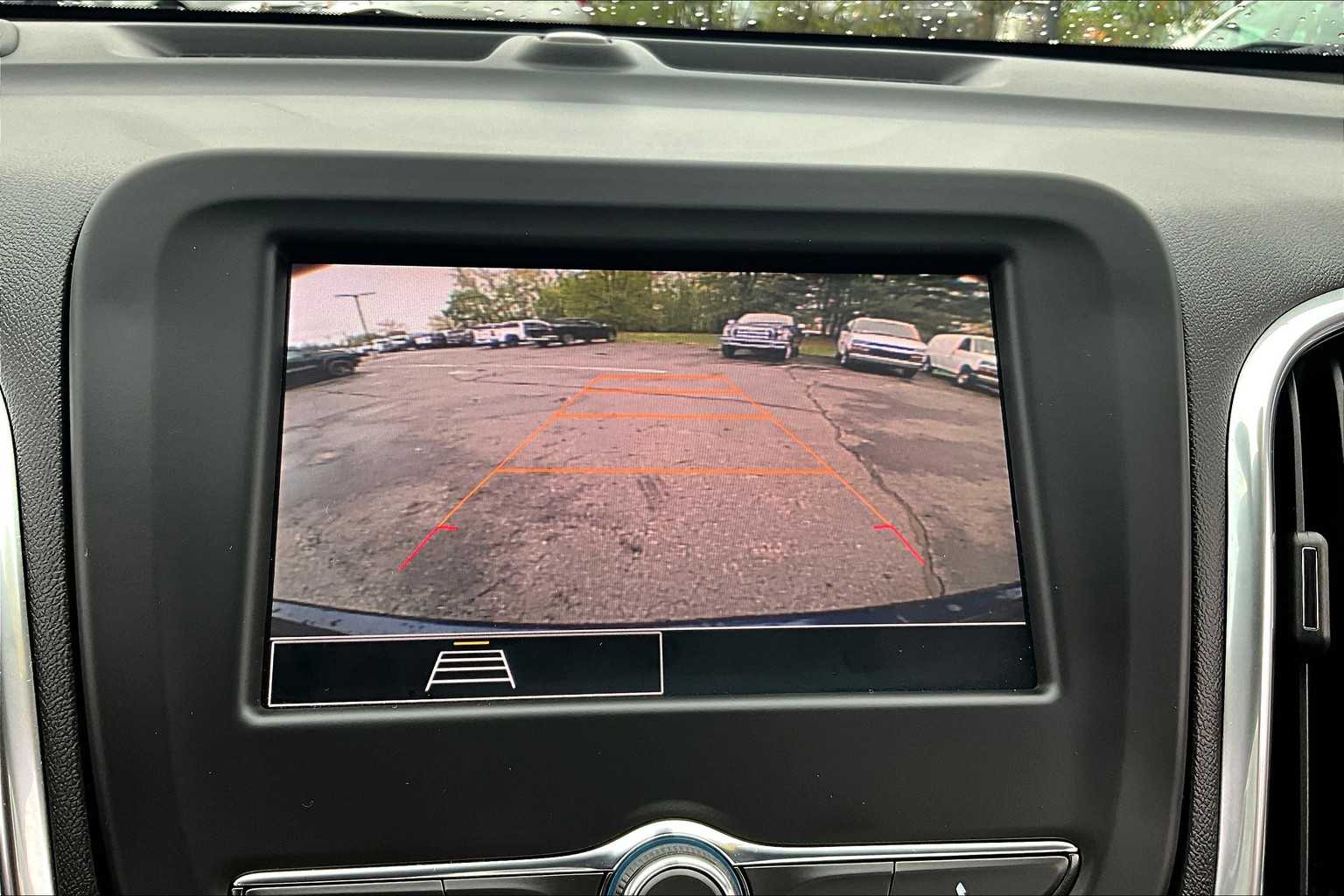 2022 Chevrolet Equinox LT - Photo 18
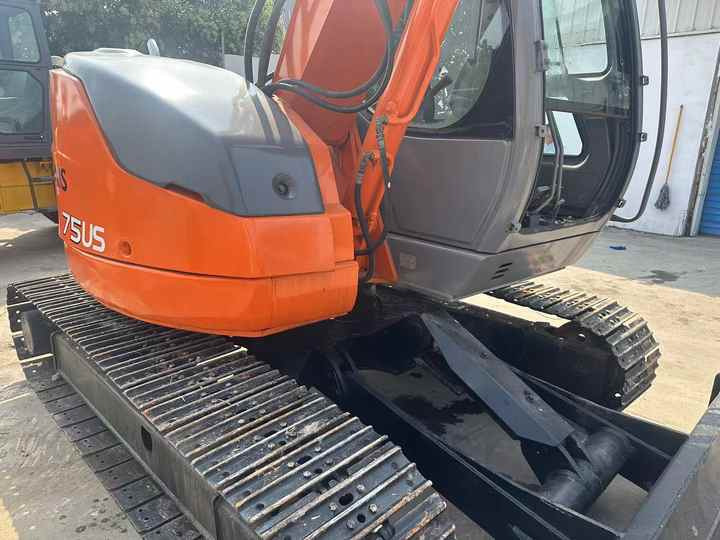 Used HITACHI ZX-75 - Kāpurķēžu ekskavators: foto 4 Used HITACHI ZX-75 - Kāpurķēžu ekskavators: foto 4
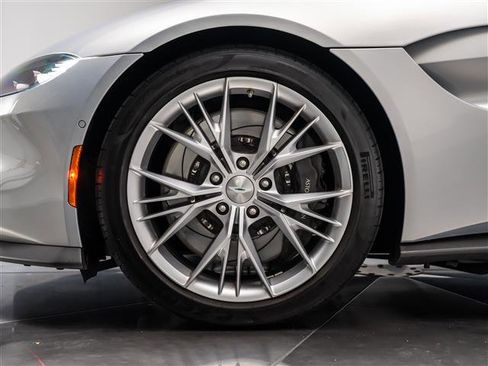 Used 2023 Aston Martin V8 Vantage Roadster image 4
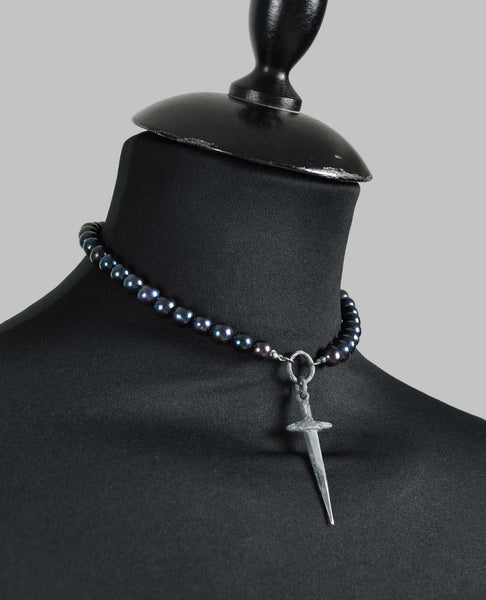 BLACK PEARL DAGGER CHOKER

**TASK BRIEF**
Would you please set down the data above again exactly, without its pictures?

**SOLUTION TO THIS PROBLEM**
 2022 Chevrolet Equinox LT - Photo 18
 Used HITACHI ZX-75 - Kāpurķēžu ekskavators: foto 4 Used HITACHI ZX-75 - Kāpurķēžu ekskavators: foto 4
 Used 2023 Aston Martin V8 Vantage Roadster image 4
 BLACK PEARL DAGGER CHOKER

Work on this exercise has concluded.